Cyclists riding along the Reflecting Pool near the Lincoln Memorial in Washington, DC.

Data Analysis Project
Tools: R (tidyverse, lubridate, tsibble, fable, feasts, ggplot2)
Methods: Time Series Analysis, ARIMA Forecasting, Cross-Validation
Dataset: UCI Machine Learning Repository – Bike Sharing Dataset (Washington, DC)

1 Introduction

This report analyzes daily bike rental demand in the Washington, DC Capital Bikeshare system using historical data from 2011–2012. The objective is to explore rental patterns, identify seasonal behavior, and build forecasting models that can support operational planning and pricing decisions.

Executive Summary:
Daily bike rental demand in Washington, DC shows clear seasonal variation and a strong relationship with temperature. Exploratory analysis highlights higher ridership in warmer months and lower ridership in colder periods. Cross-validation results indicate that ARIMA outperforms naive benchmark models for short-term forecasting. These forecasts can support seasonal fleet planning, maintenance scheduling, and resource allocation.

1.1 Business Objective

Bike sharing systems must accurately forecast demand in order to manage fleet availability, station capacity, and operational costs. Reliable demand forecasts help operators determine how many bikes should be available at different times and locations, while also supporting pricing and maintenance planning.

This analysis uses historical Capital Bikeshare data from Washington, DC to examine patterns in daily bike rental demand and develop forecasting models that support operational decision-making.

1.2 Data Description

The dataset contains the daily count of rental bike transactions in the Capital Bikeshare system during 2011 and 2012, along with weather, season, and calendar variables.

1.3 Data Source

UCI Machine Learning Repository – Bike Sharing Dataset

1.4 Relevant Paper

Fanaee-T, H., & Gama, J. (2013). Event labeling combining ensemble detectors and background knowledge. Progress in Artificial Intelligence.

2 Data Preparation

2.1 Load Required Packages

2.2 Load the Data

2.3 Clean and Prepare the Data

2.4 Data Quality Check

Table 1. Data quality check for the time index.
missing_dates	duplicate_dates	start_date	end_date
0	0	2011-01-01	2012-12-31

The dataset contains a complete daily time index with no missing or duplicated observations.

2.5 Summary Statistics

Table 2. Summary statistics for daily bike rentals.
days	mean	sd	median	min	max
731	4504.3	1937.2	4548	22	8714

The dataset contains 731 daily observations across two full calendar years, which is sufficient for identifying broad trends and seasonal patterns.

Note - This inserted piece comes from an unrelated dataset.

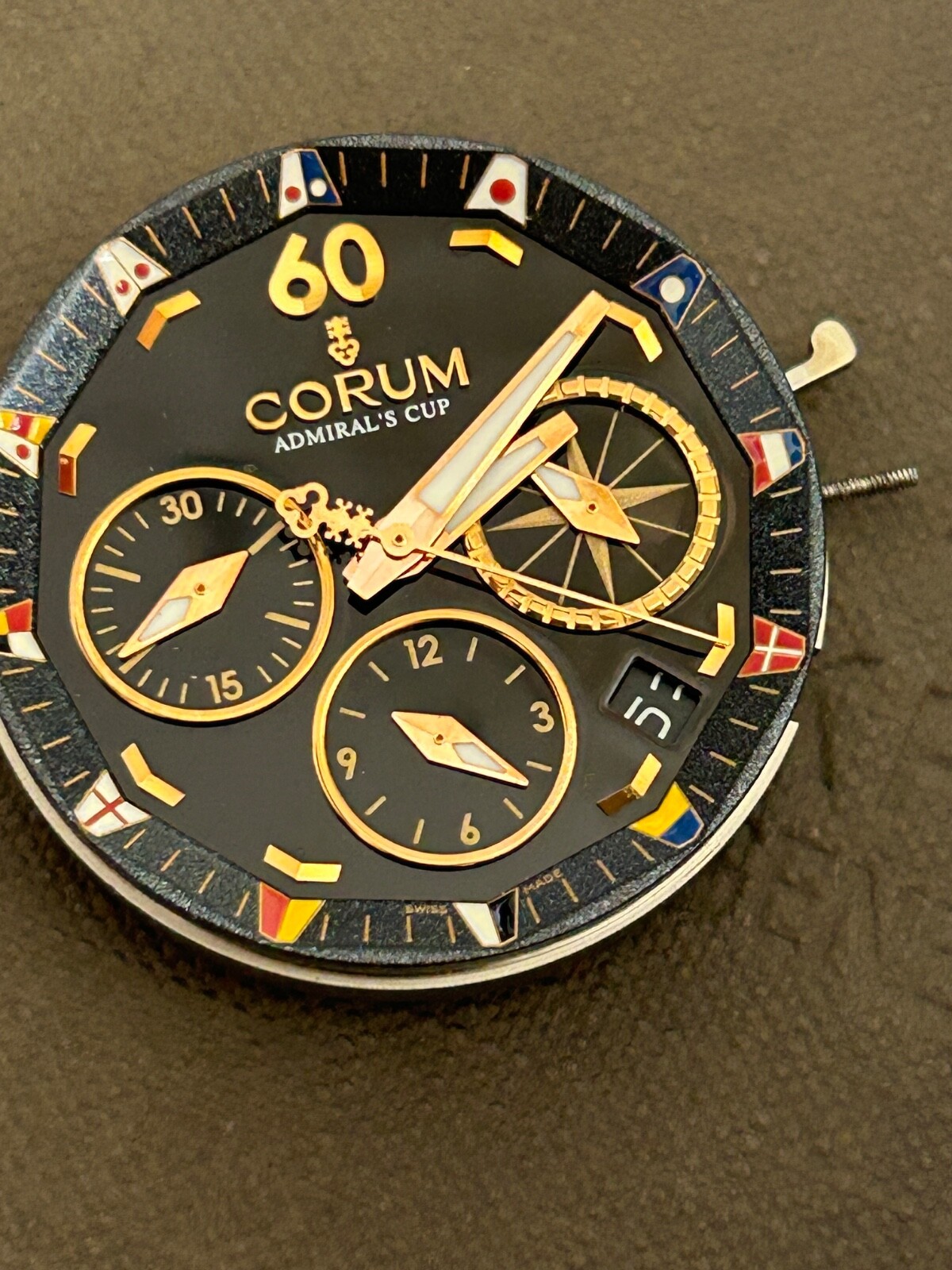Corum Admiral*s Cup Chronograph Movement ETA 2894 Working need service Black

3 Exploratory Data Analysis

3.1 Daily Rentals Over Time

The time plot shows a clear increase in bike rental demand from 2011 to 2012, along with strong seasonal fluctuations.

3.2 Rentals by Season

Seasonal differences are substantial, with the highest rental activity occurring during warmer parts of the year.

3.3 Rentals vs Temperature

The faceted view shows that the relationship between temperature and rental demand differs somewhat by season, but demand generally rises as temperatures become milder and remains highest during warmer periods.

3.4 Daily Capital Bikeshare Rentals (2011–2012)

The interactive time-series visualization highlights daily variability and seasonal demand patterns in the Capital Bikeshare system.

Demand peaks during summer months and declines during winter, suggesting strong seasonal effects that should be incorporated into forecasting models.

3.5 Monthly Average Rentals

Monthly aggregation highlights the annual cycle more clearly, with demand peaking in the warmer months.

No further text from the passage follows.